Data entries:
···
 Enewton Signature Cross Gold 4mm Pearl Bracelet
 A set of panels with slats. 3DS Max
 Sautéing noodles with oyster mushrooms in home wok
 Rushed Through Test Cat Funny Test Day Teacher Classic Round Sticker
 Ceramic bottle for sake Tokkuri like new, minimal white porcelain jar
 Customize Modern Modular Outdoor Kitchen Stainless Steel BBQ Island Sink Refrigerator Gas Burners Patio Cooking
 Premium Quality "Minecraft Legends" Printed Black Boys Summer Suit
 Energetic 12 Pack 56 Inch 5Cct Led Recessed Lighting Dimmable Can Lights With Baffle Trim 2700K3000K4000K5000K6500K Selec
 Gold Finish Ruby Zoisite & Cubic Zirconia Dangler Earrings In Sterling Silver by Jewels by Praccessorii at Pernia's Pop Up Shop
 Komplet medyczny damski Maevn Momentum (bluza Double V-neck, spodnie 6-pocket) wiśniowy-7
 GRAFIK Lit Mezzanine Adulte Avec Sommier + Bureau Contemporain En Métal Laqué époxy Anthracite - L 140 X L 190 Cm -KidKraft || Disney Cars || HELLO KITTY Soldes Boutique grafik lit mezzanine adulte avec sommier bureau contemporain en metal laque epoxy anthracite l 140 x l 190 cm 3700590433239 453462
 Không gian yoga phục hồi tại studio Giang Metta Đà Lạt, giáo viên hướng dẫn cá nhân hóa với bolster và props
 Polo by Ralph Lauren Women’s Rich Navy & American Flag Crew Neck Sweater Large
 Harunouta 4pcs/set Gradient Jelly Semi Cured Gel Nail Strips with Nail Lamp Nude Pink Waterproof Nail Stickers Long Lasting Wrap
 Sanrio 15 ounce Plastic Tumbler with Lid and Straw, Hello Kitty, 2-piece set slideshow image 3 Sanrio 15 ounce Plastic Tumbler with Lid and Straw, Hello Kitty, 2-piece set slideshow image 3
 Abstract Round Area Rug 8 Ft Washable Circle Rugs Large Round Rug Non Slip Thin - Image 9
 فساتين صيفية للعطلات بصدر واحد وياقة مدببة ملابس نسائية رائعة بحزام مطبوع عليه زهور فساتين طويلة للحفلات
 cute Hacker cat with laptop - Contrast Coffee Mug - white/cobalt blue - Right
···
WORK INSTRUCTION: Look over the records. Copy the lines that include the word "Gold".

SOLUTION TO THIS TASK:
 Enewton Signature Cross Gold 4mm Pearl Bracelet
 Gold Finish Ruby Zoisite & Cubic Zirconia Dangler Earrings In Sterling Silver by Jewels by Praccessorii at Pernia's Pop Up Shop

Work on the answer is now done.